• _Exercise description_
With the pictures left out, write out exactly the lines of the listing below that run from the line with "107 Nicole Cv #B — Photo 13" through the line with "Read Kaguya-sama - Love is War Manga Online".

• _Material provided_

= = = =

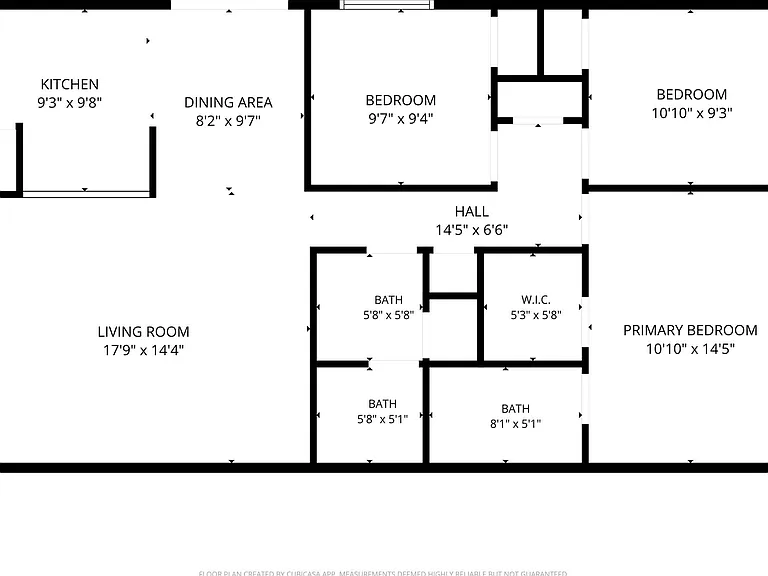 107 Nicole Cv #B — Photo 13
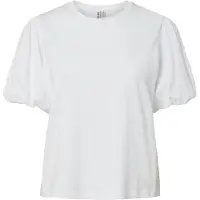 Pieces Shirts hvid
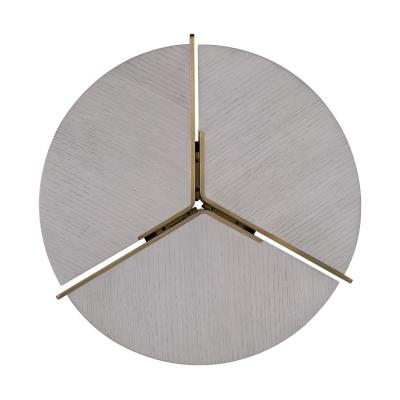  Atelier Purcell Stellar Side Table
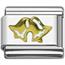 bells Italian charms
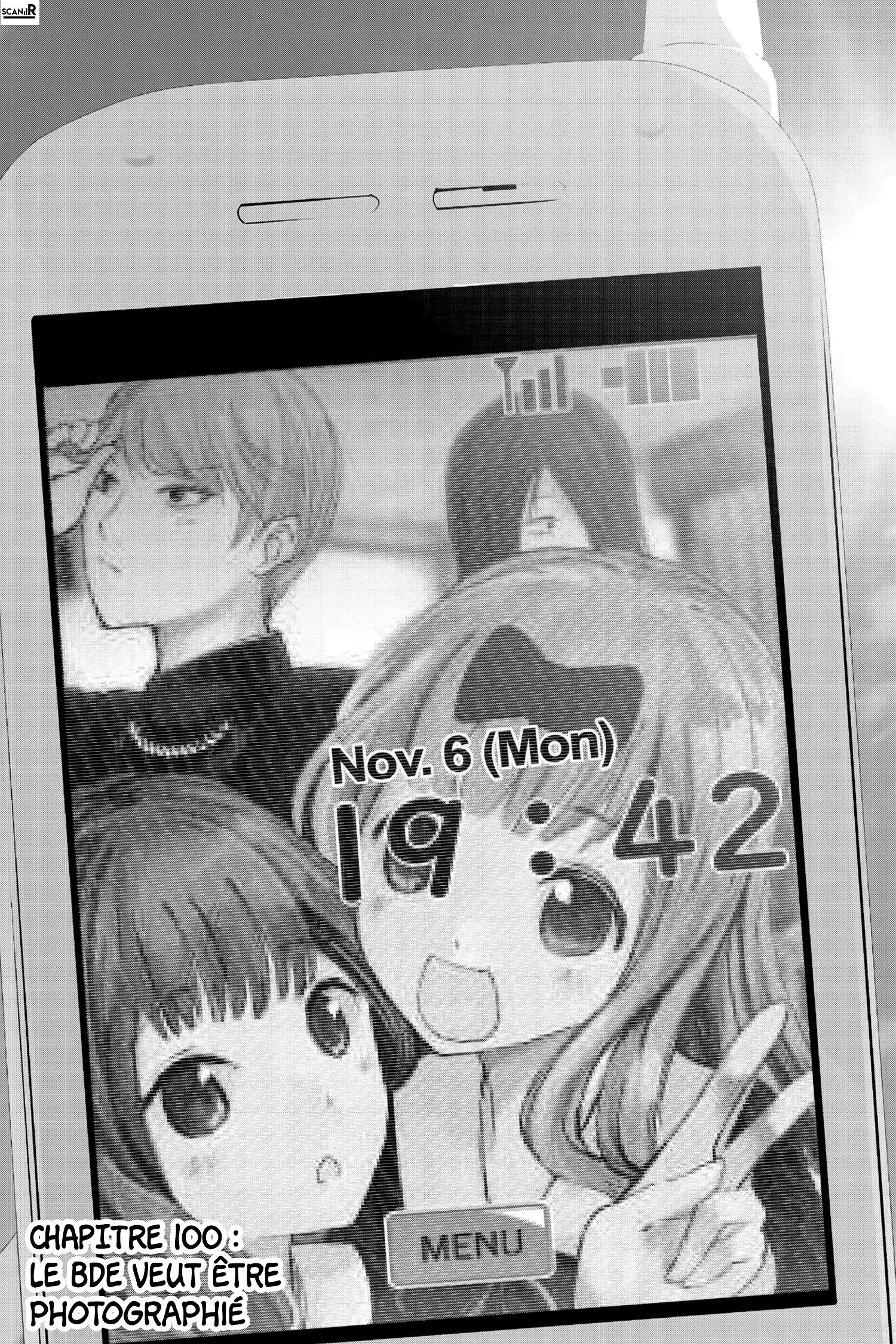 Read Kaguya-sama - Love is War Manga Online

= = = =

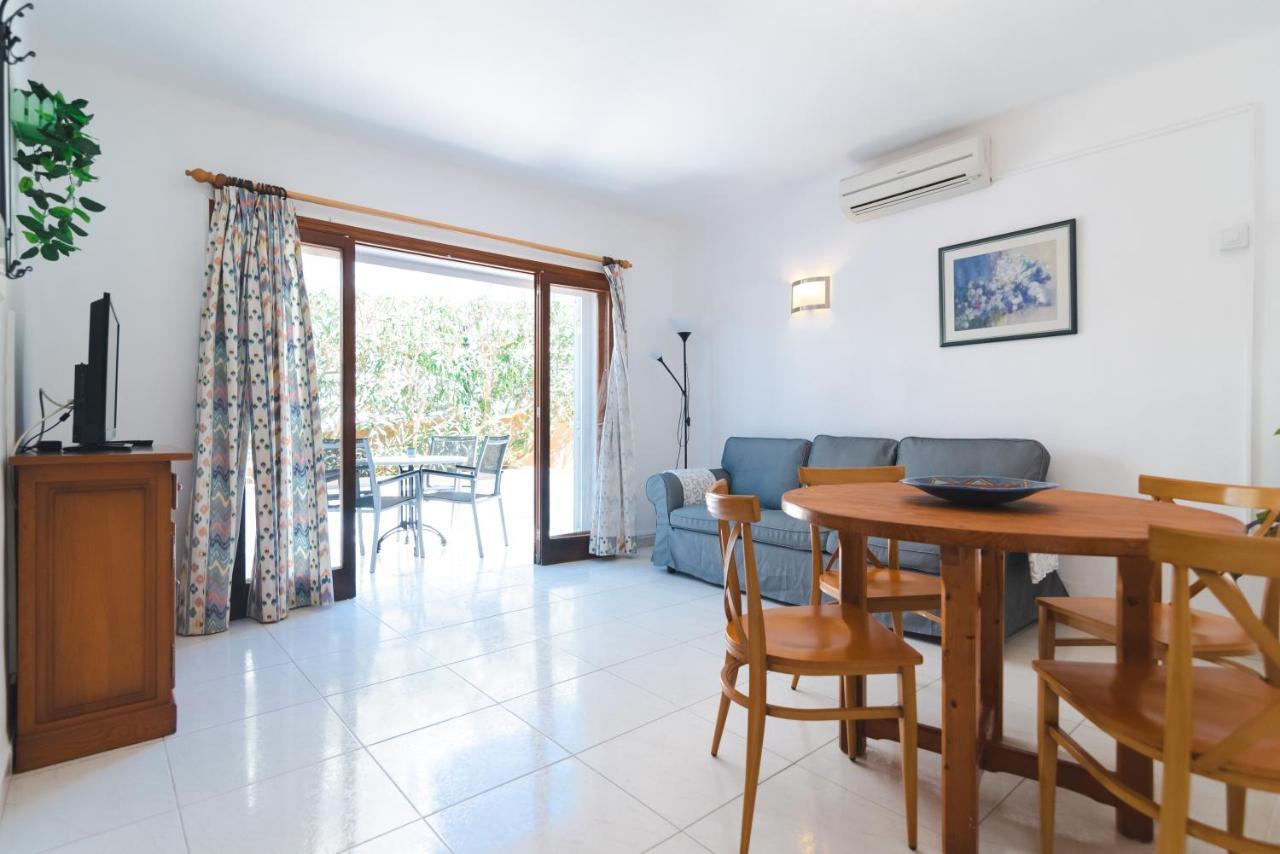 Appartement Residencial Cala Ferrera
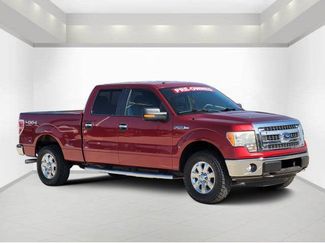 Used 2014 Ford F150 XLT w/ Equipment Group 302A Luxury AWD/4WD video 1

= = = =

• _Written response_
 107 Nicole Cv #B — Photo 13
 Pieces Shirts hvid
  Atelier Purcell Stellar Side Table
 bells Italian charms
 Read Kaguya-sama - Love is War Manga Online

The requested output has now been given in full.